Provided material:
################

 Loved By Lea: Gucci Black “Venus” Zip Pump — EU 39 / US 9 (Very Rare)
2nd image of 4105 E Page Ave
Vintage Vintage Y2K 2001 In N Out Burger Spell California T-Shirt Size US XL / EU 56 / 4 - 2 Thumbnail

################

Instructions for the task:
Take each line of the listing above and set it down again exactly.

Output for this exercise:
 Loved By Lea: Gucci Black “Venus” Zip Pump — EU 39 / US 9 (Very Rare)
2nd image of 4105 E Page Ave
Vintage Vintage Y2K 2001 In N Out Burger Spell California T-Shirt Size US XL / EU 56 / 4 - 2 Thumbnail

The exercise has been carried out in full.